Synchronized by social media

Whether it is commercial or social – human activity contains patterns and moments of synchronicity. With social media outlets like Twitter becoming so popular in recent years, it has provided an unprecedented volume of data on the daily activities of humans all over the world.

Observing this activity on the scale of a city, a continent, or the globe reveals the patterns. In a paper published by the Journal of the Royal Society Interface, researchers at the New England Complex Systems Institute (NECSI) have observed a new pattern of synchronized activity: a simultaneous peak of Twitter activity stretching across half the planet, from Europe and Africa to Asia and Oceania.

Everyone has their daily routine, which for many people now includes tweeting. NECSI researchers observed over 500 million tweets to obtain the aggregate synchronizations created by everyone’s routine.
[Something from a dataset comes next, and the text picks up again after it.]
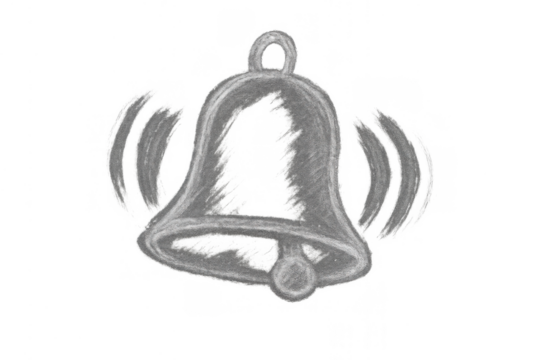 Bell ringing drawing showing notification and sound, a hand-drawn chalk sketch on transparent background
When viewing the tweets of a single city, human activity resembles a heart beat: a strong peak of activity coinciding with movement contracting into the city center for the work day, followed by a secondary peak of activity representing after work social and commercial activity, and ending in a period of low activity and dispersal away from the city center as people return to homes to sleep.
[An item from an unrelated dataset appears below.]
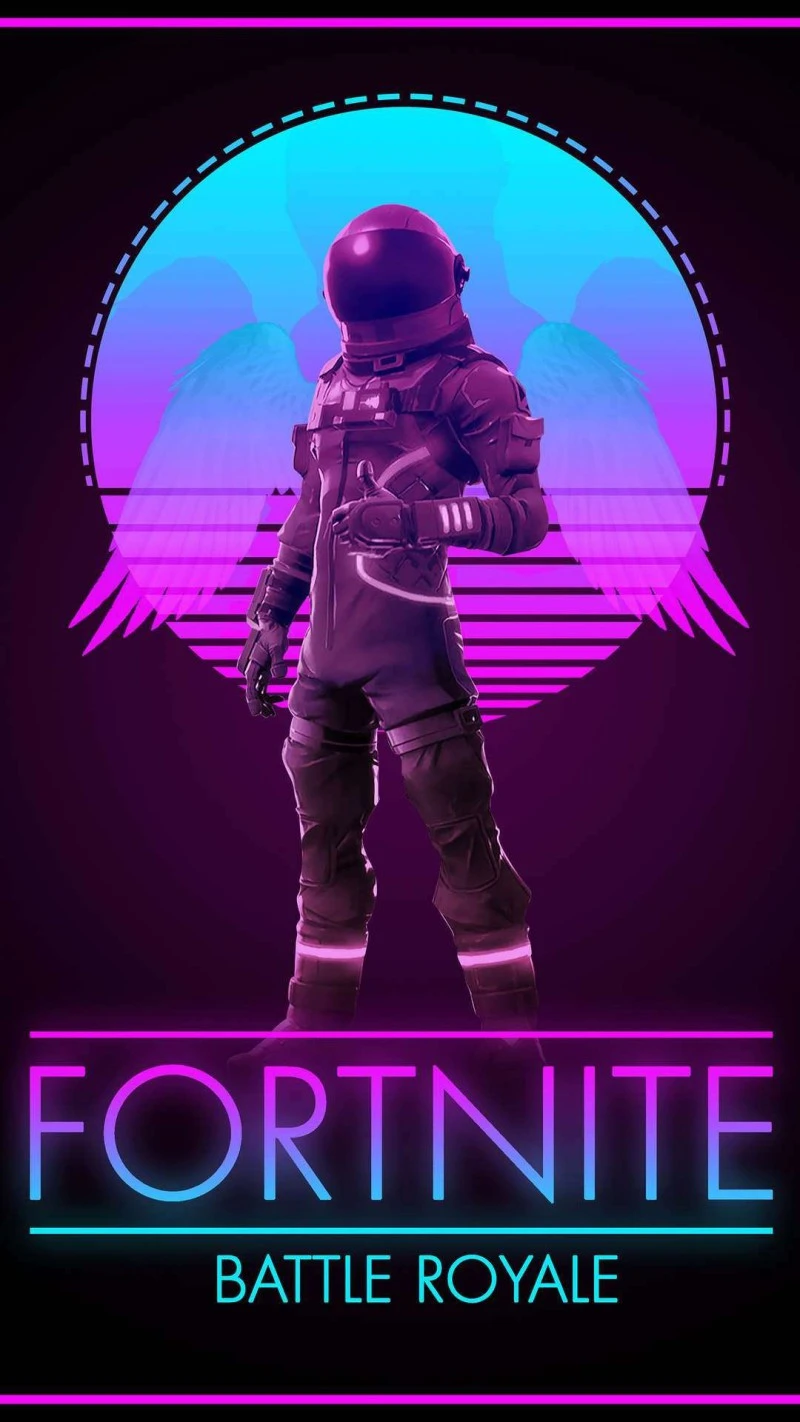 Fortnite Galaxy Skin - Retro 80s Style 4K Mobile Wallpaper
As NECSI watched this daily pattern over the course of the year, they found it had more to do with the demands of work schedules than the natural cycles of night and day, changing little in comparison to the shortening and lengthening days of the year.
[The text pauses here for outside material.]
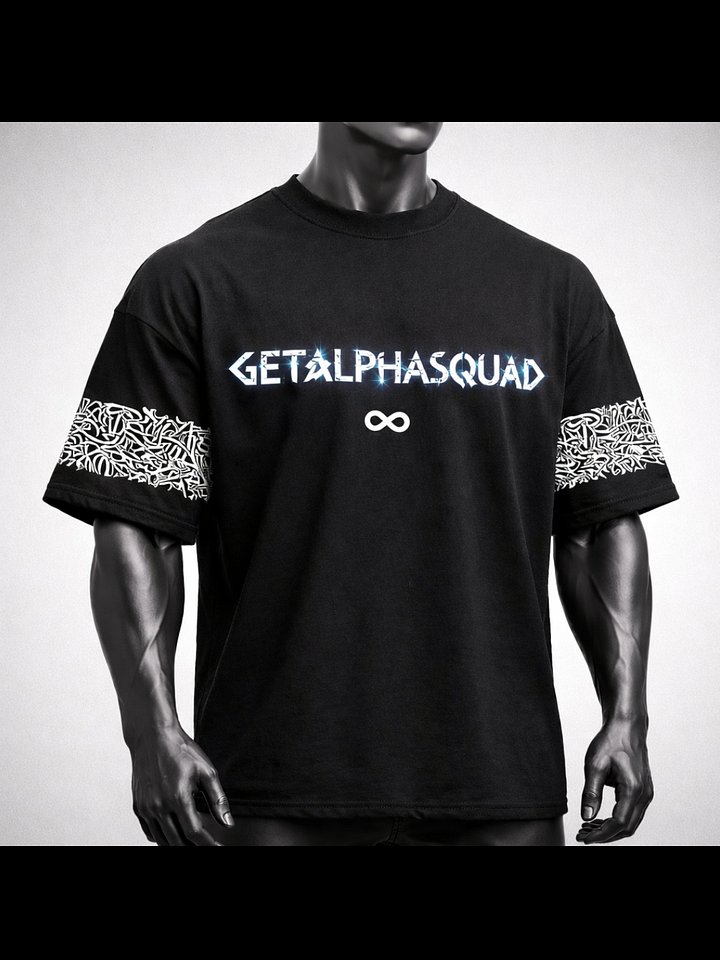 GetAlphaSquad Infinity Black Oversized T-Shirt & Joggers Combo Set for Men product image (1)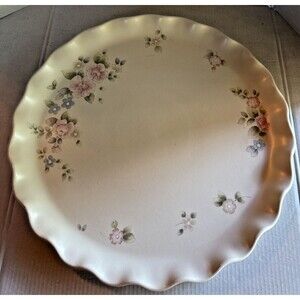 Pfaltzgraff (USA) TEA ROSE Fluted 12.5” Cake Serving Plate Vintage Stoneware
Social networking diagram across the world.

Using tweets, NECSI took the pulse of 52 metropolitan areas all over the world. While the heart beat pattern was observed in each city, some locations had denser or more disperse work and home neighborhoods. The relevant size and timing of peaks of activity also varied.

Perhaps not surprisingly, cities in the same longitude and timezone tend to have similar patterns. However, NECSI observed a new pattern of synchronized activity falling across longitudes 0 to 180: Europe’s morning peak of Twitter activity coincides with Asia’s large peak of afternoon activity.

Global patterns of human activity, as observed by NECSI through tweets, have synchronized across the entire Eurasian landmass. This pattern is formed of commercial as well as social behavior. It represents a global interchange of ideas and information, a new level of interconnectedness in our increasingly complex world.